Copyright Acknowledgment: All images of WEENIES and other
Products and Images, created by Mel Birnkrant and Mike Strouth are Copyright (c) KISCOM/ The OBB
THE ADAM BOMBS
Here is another letter, written by Harvey Zelman two months before the Licensing Presentation. Harvey needed help on the packaging. The very fact that he was asking us implied that his inside resources were running low. On the top of the page is a hand written note from Adam, saying he was sending the boxes to Mike. and adding “We got to hustle - sex, drugs, rock n’ roll - It’s starting to hit fast - need to talk - Weenies, Adam" ...He sensed the in-house competition going on at Coleco even then.
These are the packages that Harvey was talking about, after Mike simplified them. They are a far cry from those crazy bean shaped blisters Harvey had originally planned. Clearly, reality had set in!
Meanwhile, the Licensing Presentation came and went. And it was considered a huge success. And so, the TV Special progressed.
When I began this webpage, I never expected to find some of the curious things that have turned up. I also hoped to find a lot of stuff that is still missing. Trying to piece this story together from these surviving bits and pieces has been a challenge.

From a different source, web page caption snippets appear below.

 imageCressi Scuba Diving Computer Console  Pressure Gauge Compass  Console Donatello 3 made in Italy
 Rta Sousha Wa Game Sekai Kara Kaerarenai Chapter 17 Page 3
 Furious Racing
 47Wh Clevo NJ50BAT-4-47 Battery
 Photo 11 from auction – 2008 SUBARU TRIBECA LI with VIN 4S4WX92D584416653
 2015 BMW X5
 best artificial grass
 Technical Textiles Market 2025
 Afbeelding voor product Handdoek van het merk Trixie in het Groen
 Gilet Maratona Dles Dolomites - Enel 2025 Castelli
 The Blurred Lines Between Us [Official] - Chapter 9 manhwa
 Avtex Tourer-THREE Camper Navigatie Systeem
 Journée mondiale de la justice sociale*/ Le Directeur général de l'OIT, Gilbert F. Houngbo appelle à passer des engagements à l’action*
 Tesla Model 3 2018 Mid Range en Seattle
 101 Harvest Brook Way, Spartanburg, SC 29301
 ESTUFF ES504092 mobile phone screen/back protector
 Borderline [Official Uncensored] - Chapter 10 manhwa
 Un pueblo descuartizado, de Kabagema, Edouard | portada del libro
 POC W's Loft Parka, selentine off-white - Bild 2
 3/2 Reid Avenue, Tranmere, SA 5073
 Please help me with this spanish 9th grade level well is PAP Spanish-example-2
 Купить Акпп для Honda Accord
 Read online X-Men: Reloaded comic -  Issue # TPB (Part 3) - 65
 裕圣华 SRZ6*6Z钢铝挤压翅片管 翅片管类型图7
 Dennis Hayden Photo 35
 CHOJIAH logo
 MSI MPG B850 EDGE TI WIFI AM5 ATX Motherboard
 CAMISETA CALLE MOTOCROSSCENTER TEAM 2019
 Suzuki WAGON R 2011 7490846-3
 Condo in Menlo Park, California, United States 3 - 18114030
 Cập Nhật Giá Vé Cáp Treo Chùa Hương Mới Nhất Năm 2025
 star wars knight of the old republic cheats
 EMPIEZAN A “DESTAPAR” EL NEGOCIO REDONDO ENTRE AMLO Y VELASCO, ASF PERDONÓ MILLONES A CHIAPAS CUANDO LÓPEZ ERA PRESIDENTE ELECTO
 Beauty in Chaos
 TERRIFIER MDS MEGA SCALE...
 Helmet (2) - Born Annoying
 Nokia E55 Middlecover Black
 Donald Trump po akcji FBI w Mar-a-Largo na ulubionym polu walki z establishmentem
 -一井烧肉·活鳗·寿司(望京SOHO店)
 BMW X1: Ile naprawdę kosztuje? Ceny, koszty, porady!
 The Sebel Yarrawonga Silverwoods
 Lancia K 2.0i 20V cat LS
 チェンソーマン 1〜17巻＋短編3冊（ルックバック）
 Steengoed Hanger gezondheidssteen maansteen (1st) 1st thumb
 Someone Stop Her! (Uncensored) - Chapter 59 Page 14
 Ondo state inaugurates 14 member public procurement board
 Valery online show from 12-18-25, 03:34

Clues are hiding in dates that I ordinarily wouldn’t bother to read. With that in mind, here is a product submission that honestly gives me the creeps. Its been in the basement, for years, and it smells bad. It was contained in a roughly improvised corrugated package, like a portfolio. One side had been slit open, and I peeked in, from time to time. But I never had the appetite to actually look inside. Based on what little I could see, it appeared to be the mockup for some kind of sleeping bag. When I removed the contents the other day, I was surprised to find that it actually contained these costumes for Halloween. They are really scary. I debated whether or not to include them here.
Then checking the portfolio again, I found this letter from the licensee, Ben Cooper. It is dated October 8, 1984, and states that they needed to get the costumes back with my approval within 10 days. So, Nat Cooper, who might have been Ben Cooper's relative, sent this package to Cheryl on the 8th, and she forwarded it to me, which would leave just few days to reply. One does not need to be a detective to deduce that this, combined with the fact that the samples are still here indicates that the Weenies estimated time of death must have officially taken place, sometime, towards the end of those ten days.
1983 was a Fantastic year for Coleco. The success of the Cabbage Patch Kids had been phenomenal. They were suddenly the hottest doll in the country, perhaps, the hottest doll in history. Their success was generally attributed to the clever merchandising scheme that consisted of each appearing to be unique, having a birth certificate and its own computer generated southern sounding two-part name. The fact that they were in short supply and notoriously hard to get made them even more desirable.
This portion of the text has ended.